Jung considered his own work a link in the golden chain from ancient gnosticism via philosophical alchemy to the modern psychology of the subconscious. Just as in those ancient texts, his work reveals a fragmented self in which the image of the divine may be found.
The author made his own translation of the sermons and provided a comprehensive preface, exegesis of the sermons and afterword in which he comments grippingly on Jung, gnosticism and the current era. His views on the survival of the pansophic/theosophic tradition (through the arts) are particularly enlightening.
Jung’s central doctrine of individuation is an ancient concept of the western esoteric tradition – the tendency of the individual consciousness not to surrender its light into nothingness.
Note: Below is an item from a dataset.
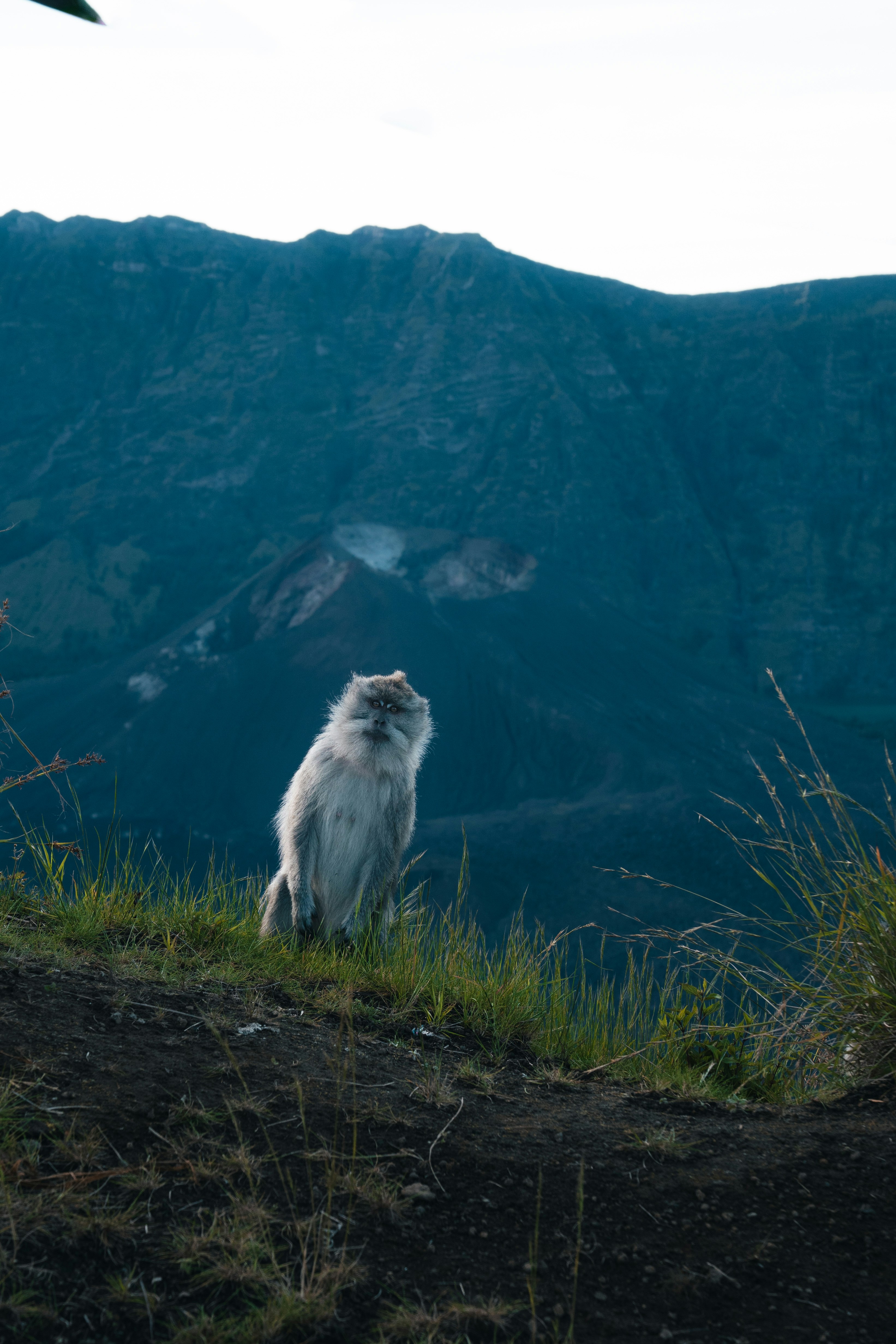 A fluffy animal gazes toward the mountain.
Unlike many eastern spiritual systems, the Western tradition never knew the permanent dissolution of the individual consciousness in the divine.
Already in the first sermon this question is discussed, i.e. how to remain an individual while simultaneously achieving an optimal degree of unity with the ineffable greatness of the pleroma within us. Jung gives us an undivided model of reality in which both causal and acausal connections, spirit and matter, are reconciled.
As for belief, Jung convincingly argues that human beings have a religious need - not a need for belief, however, but one for religious experience. This is a psychical experience that leads to the integration of the soul. Inner wholeness – gnosis – is achieved not by belief in ideas, but by experience.
In the place of a god to believe in, Jung thus offers us an existential truth that we can experience. He rejects the “god of belief” in favor of a symbol of lasting validity, and instead of the much abused concept of “belief”, he offers the power of the imagination as the way to gnosis, just as in the magickal and alchemical traditions.
The seven sermons are gripping and poetic, while the commentary is full of insight and enriched by quotes from inter alia the Nag Hammadi texts, Plotinus, Helena Blavatsky, Emerson and others. The most beautiful is a moving poem by the mystic Angelus Silesius, of which I quote a part:
“God is such as he is,
I am what I must be;
If you know one, in truth
You know both him and me.
I am the vine, which he
Doth plant and cherish most;
The fruit which grows from me
Is God, the holy ghost.”
This text, and Basilides’ thoughts on the pleroma (fullness of god), reminded me of Patti Smith’s song “Hymn” on her album Wave:
“When I am troubled in the night
He comes to comfort me
He wills me through the darkness
And the empty child is free
To take his hand, his sacred heart
The heart that breaks the dawn, amen.
And when I think I’ve had my fill
He fills me up again.”
I highly recommend this book as a bridge between psychology and religion, or rather the religious experience in the human psyche. It ought to be read together with William James’ “The Varieties of Religious Experience” and Richard Maurice Bucke’s “Cosmic Consciousness”, for a breathtaking metaphysical and metatextual experience.